He flicked through the morning’s post. More papers to endorse, although he couldn’t bring himself to do so. Then he noticed something familiar about the handwriting on a smaller envelope and slit it open. It was from Doctress Foot, explaining all the new insights which Habitual Adaptation had given her into her collection, and how she’d do whatever she could to promote it against the forces of silly unreason, by which Ralph wondered if she didn’t mean her husband. He smiled. It was race to have an ally. In a PS, she mentioned a hitherto-unheard of species of beetle. Brown-backed and stubby-antlered, it was reported to be rampant in the cane fields of Arawak, where it was gleefully consuming all the new sugar cane shoots. Surely here, she suggested, was good evidence of a fresh adaptation of a species to a new environment? It was an interesting thought, but to Ralph this beetle’s appearance sounded too sudden. More likely, he thought, it was the work of man rather than unalloyed nature. He laid the letter back on the silver tray and went into the library. It was too dark now to read properly without turning the lights on, but he sat down for the last time in his favourite chair.

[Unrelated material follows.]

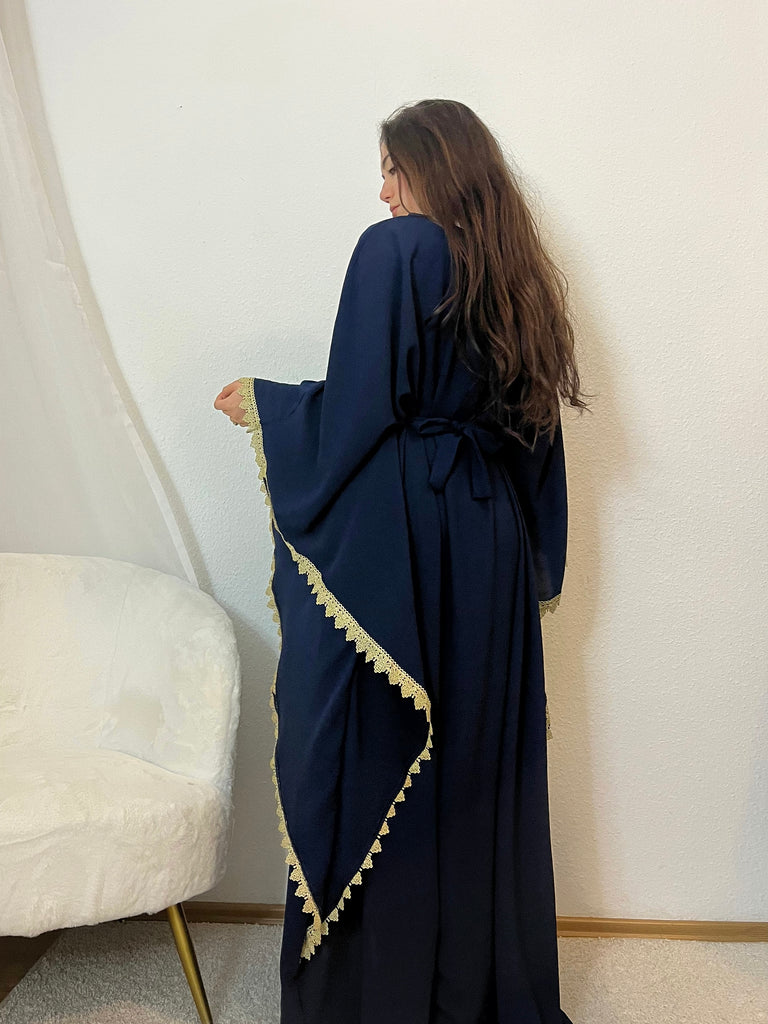 Abaya mit Fledermausärmeln und Stickerei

Cissy Dunning climbed the path towards the weathertop as the trees in the valley streamed like wrack in a storm. The wind pushed and pulled at her in cold, sudden swerves.
She found Weatherman Ayres striding the inner gantries, puffing a cheroot and whistling a thin version of the same song the wind over the weathertop was screaming. There were several barrels on the lowest deck, red-stamped with what, although she couldn’t read the guild’s language, had the look of prohibitions and warnings.

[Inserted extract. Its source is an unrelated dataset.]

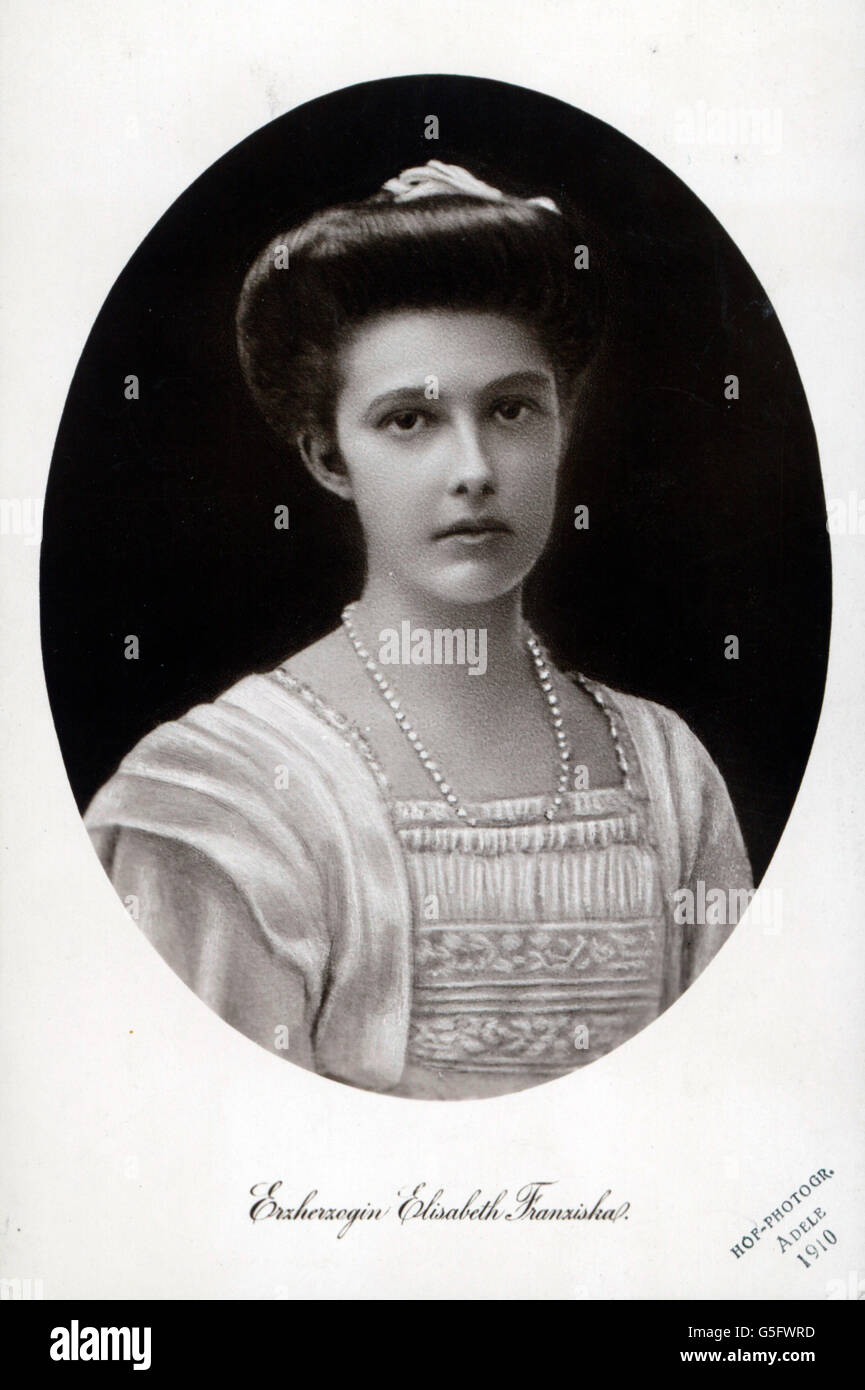 Elisabeth Franziska, 21.1.1892 - 29.1.1930, Gräfin von Waldburg zu Zeil und Hohenems 19.9.1912 - 29.1.1930, Porträt, Postkarte, Hofatelier Adele, Wien, 1910, Stockfoto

‘All just part of what’s necessary,’ he explained as she caught her breath.
At least it was warmer in here, but her skin crawled and itched from the electric air. ‘What on earth are you up to, Elijah Ayres?’
‘Just that delivery I mentioned to you.’
‘You said that would be shifterms yet.’
‘You know how these things change. Remember that big storm that blew out all the bulbs on the chandeliers? Well, we were just catching the very edge of it. One of the worst hurricanes in memory to hit the Gulf of Thule, and the Proserpine was caught pretty badly just as she was being fitted and loaded.’
She ran her tongue around her teeth and sighed. She’d heard this before, which was the worst of it. ‘Ralph Meynell’s still here, and he’s acting oddly. And I really should never have agreed with that mother of his that he and Marion Price should spend time together in the first place. And she’s coming in the morning, for Elder’s sake.’
‘We’ll be well done by then. And the lad won’t trouble us, not down in Clarence Cove with the sort of night I’ve got brewing. And it’ll be the last, I promise you. After that—’
‘Yes, yes.’ She rubbed her temples. ‘A whole new life.’
‘You’ll see, Cissy,’ he said, hands upon her hips now, eyes as brightly alive as the dials around him. ‘You and I, we’ll be the swank. We’ll be the gentry.’
He smelled sharp and matchy as he leaned forward to kiss her, of something more than clean oil and cheroots and electricity. She held him away. ‘You and I need to do some talking.’
‘We’ve said it a million times, Cissy,’ he murmured. ‘Now is the best time for us to leave Invercombe.’
‘That’s all well and good. The fact is, I’ve composed my letter of resignation, and I’ll be handing it to the greatgrandmistress when she comes tomorrow.’
‘That’s wonderful. Cissy.’
‘So I’m retiring, and I really do think, may the good Elder help me, that you’re the most sweet and strange and infuriating and fascinating man I’ve ever known. But what I’ve been meaning to say to you is to do with all this nonsense we’ve been telling each other about jewels and fine houses.’
‘Cissy—’
‘No. You listen and let me have my say for a change. Look at you and look at me. Look at your hand. Look at mine. Look at the colour of our skins. It might be all right for us to walk arm in arm here at Invercombe, but just how many couples like us do you see parading Boreal Avenue?’
‘That’s the—’
‘I still haven’t finished. Dreams are fine things, and so is love, but no amount of money on that ship is going to buy you and me the life of the guilded gentry. So what I’m saying is, yes, perhaps we could have a garden and maybe even a maid, but it’ll have to be somewhere quiet where people can talk as much as they want but they don’t need to bother us. A nice little cottage in Cornwall, I was thinking. I’ve always loved a rowdy sea. They mind their own business there, and Cornish-men don’t really have tails. We can wander the cliffs and talk about all the places you say you’ve been to our heart’s content. Now. How does that sound?’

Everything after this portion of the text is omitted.